Yesterday a customer bought two doughnuts and was 15c short of the total. I said that was OK, no one was going to shoot me over fifteen cents. He laughed and replied, “You obviously don’t own the company!”

This morning I bought a bottle of water and was 15c short (the cost had increased since the last time I bought it from there). The cashier laughed and said it was OK (I’m a regular customer there) but I wandered back a few minutes later with the remaining fifteen cents.

Why did I do that? I don’t like being in debt, I know their company is a lot more strict on cash variances than mine, I’m honest and didn’t want to have a measly fifteen cents on my conscience, knowing the coins were in my purse.

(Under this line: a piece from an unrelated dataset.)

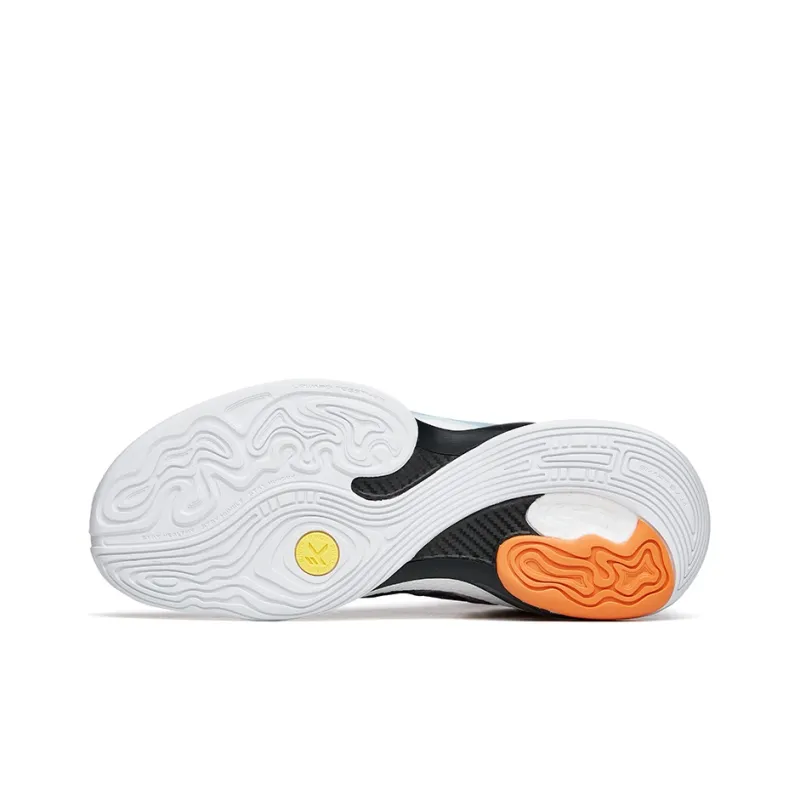 ANTA Klay Thompson KT7 Course-5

Why didn’t I care about the 15c missing from my own till? I knew no one was going to question me over that fifteen cents. That’s about it, really. But it got me thinking- when did we get so focused on money that we forget the simple kindness of letting someone have something they couldn’t quite afford?

That customer’s comment has stuck with me for the last couple of days: “You obviously don’t own the company.” Well, no, I do not. Maybe Mr Doughnut does mind. I remember my deli supervisor saying to me once that every piece of ham I throw away is money out of the owner’s pocket. Maybe I should take better care of the stock to make the Big Wigs richer while I earn the same money no matter how much I sell. Maybe I should care about money; what if I were the Big Wig and my staff were giving away the stock for an unauthorised discount?

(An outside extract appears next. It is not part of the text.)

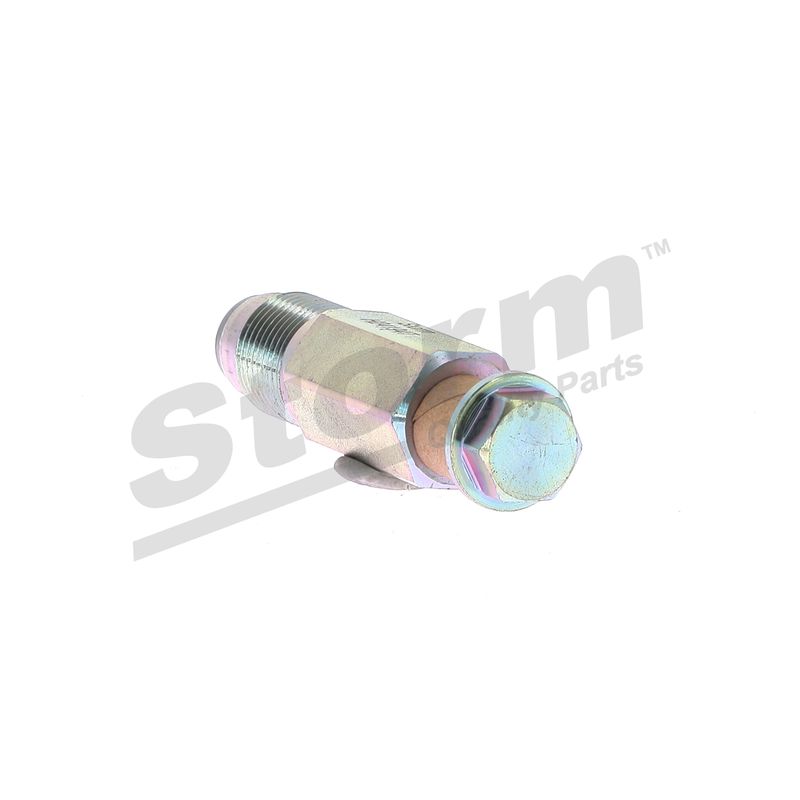 Détendeur, système à rampe commune STORM QUALITY PARTS STO1500200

Pondering those questions, I have to say that I would rather have a happy customer return to my store than turn away an unhappy customer because they were a few cents short. I read a study a few years ago which concluded that 75% of people will tell their friends about a bad shopping experience, but only 10% of people will tell their friends about a positive experience. My happy customer may not tell his friends that he got away with discounted doughnuts, but he will return.


October 10, 2010 - Posted by | Thoughts & Reflections | , , ,

1 Comment »

  1. My cousin has been going to the same petrol station, a couple of blocks from her house, for 5yrs, and buys about $85 worth of petrol a fortnight. She recently filled her car then when she went in to pay she realised her husband had her only bank debit card.

    She offered the cashier her wallet, with licence and other ID inside whilst she went home to get the card – the cashier told her bluntly that filling her car without the money to pay was stealing and if she left the premises they would call the cops!!! She had her 5yo son and 3yo daughter with her and was absolutely mortified! She called her husband (who’d just gone to sleep after a 12hr nightshift at a mine!) and he walked to the petrol station with her card. She says it was one of the most uncomfortable 15min of her life.

    Beth wrote a very eloquent but strongly worded e-mail to the regional manager of the petrol company (a large multinational) demanding a written apology. She received a form letter saying it was their company policy, no apology.

    So she rallied her local friends and family and church members (in the thousands!) and they sent a group letter to the company, cc’d to the local paper, stating that none of them would ever purchase products from this petrol company again! It caused quite a ruckus locally, and she eventually did get her written apology, from the national CEO of said company!! But too late.

    Moral of the story – try to be nice to the customers! (And never piss off someone who goes to one of those big happy-clappy churches!)


    p.s I would have gone back with the 15c too.